I spent some points during the weekend reviewing field notes, journals, planners: marking passages with orange gel-pens. I scanned my texts, emails, Tweets, and posts; quickly tagging, not second-guessing. I needed to be in that liminal space between visceral and logical, madness and method.
Seeing data isn’t about “seeing” at all; but about being able to unsee. Stripping away preconceptions begins with willingness. “How do I know what I know?” is not the first question; “What is it I think I know?” is.
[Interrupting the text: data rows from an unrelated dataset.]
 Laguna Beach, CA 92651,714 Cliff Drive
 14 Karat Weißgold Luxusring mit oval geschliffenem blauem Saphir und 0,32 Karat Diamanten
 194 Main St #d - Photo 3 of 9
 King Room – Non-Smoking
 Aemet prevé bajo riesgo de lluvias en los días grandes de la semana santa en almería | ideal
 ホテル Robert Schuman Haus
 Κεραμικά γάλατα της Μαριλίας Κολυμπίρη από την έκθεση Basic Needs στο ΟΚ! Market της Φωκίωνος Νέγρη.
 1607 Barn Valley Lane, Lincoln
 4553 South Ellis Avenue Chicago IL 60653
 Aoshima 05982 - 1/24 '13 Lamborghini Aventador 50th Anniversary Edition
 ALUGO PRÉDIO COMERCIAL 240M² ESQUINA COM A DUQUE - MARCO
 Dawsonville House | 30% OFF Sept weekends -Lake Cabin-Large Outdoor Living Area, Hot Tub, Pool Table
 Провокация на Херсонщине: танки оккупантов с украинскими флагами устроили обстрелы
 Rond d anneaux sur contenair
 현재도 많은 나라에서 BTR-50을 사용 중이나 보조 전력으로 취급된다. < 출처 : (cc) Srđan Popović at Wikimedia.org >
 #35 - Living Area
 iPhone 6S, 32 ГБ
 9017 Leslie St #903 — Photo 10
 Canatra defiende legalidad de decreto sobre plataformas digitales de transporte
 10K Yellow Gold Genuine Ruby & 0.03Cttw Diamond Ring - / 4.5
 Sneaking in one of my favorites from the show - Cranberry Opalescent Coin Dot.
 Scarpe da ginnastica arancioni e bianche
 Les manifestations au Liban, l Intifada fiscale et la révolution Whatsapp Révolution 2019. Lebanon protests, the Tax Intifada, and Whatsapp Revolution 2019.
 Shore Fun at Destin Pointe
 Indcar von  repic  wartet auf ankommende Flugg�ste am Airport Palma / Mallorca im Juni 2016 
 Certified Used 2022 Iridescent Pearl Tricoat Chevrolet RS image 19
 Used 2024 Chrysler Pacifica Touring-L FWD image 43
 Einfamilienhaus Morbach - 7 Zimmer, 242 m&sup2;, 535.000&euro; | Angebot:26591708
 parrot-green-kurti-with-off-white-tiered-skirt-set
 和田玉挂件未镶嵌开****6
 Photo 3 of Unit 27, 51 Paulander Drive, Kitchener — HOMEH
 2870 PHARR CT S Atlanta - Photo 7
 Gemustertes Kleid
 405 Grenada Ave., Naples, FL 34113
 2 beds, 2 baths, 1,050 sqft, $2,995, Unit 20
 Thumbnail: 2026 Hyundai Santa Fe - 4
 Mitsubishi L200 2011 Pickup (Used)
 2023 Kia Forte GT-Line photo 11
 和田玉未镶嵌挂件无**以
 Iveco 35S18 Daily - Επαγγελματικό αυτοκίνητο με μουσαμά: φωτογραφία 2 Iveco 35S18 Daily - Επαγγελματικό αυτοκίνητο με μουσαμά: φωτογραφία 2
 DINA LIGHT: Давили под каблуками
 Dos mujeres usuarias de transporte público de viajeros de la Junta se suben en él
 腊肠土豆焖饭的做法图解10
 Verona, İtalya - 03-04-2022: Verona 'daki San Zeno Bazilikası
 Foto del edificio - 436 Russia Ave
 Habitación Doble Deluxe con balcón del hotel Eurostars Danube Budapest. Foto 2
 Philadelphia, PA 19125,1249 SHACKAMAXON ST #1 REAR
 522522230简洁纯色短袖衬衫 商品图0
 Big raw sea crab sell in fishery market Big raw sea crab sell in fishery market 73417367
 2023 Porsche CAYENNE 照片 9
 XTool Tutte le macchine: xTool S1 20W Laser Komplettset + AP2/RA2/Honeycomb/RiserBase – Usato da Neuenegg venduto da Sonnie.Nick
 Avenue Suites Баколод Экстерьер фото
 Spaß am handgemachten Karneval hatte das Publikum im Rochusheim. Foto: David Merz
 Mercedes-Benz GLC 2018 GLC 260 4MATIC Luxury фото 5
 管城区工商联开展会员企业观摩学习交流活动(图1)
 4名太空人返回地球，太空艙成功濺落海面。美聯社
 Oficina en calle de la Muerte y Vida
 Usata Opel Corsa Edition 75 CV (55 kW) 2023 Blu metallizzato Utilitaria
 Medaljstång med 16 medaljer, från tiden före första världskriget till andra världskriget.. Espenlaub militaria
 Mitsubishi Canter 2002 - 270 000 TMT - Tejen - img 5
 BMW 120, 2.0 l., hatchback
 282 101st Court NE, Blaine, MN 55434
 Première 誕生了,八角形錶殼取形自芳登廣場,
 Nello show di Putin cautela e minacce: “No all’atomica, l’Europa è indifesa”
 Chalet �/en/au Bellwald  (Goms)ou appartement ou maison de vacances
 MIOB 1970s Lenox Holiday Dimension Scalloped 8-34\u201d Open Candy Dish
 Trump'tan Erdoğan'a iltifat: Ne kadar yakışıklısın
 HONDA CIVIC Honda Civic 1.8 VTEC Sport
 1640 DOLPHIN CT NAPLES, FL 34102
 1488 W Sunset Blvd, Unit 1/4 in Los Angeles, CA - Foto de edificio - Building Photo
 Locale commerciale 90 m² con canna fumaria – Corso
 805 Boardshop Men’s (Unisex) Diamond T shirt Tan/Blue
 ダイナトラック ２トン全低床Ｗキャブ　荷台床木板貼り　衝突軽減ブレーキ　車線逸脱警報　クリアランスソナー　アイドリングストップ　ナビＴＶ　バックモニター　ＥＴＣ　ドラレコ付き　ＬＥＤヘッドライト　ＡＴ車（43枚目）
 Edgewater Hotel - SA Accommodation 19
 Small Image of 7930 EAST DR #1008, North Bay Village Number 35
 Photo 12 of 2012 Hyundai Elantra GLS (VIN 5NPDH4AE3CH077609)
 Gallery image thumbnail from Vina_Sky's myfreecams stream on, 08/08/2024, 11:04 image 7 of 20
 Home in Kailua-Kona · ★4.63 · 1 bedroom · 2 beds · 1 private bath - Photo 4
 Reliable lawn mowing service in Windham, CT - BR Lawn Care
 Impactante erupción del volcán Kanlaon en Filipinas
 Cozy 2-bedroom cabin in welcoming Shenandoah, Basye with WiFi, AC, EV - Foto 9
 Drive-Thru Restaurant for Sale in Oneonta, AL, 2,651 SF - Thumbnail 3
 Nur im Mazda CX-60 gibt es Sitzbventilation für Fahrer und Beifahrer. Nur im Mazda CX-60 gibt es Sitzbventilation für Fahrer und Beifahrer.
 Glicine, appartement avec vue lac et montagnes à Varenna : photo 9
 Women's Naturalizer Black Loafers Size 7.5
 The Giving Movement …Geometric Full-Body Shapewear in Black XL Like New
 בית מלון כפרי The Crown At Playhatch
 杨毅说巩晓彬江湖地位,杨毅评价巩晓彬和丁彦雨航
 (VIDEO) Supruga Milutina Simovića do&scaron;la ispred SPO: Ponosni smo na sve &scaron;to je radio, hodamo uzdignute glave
Reviewing these data in aggregate this morning, I see now where my frustration festers. I’m unable to un-learn how I’ve learned to learn; an epistemology I’ve trained in and applied. My own research (and growing list of emerging questions from it) require(s) attention; I can no sooner abandon the call than I can a child. So, I’ve discovered that for me, the “how” and the “what” of knowing are phases of the same moment in time, a quantum entanglement.
I simply can not suspend my own heuristic of living inquiry; of the “how” of what constitutes formal and informal learning.
John Dewey wrote in 1897 “I believe that education, therefore, is a process of living and not a preparation for future living.”
Living inquiry, then, is simply living for me.
What is it I think I “know”? That I don’t.
My responsibility is to conscious curiosity.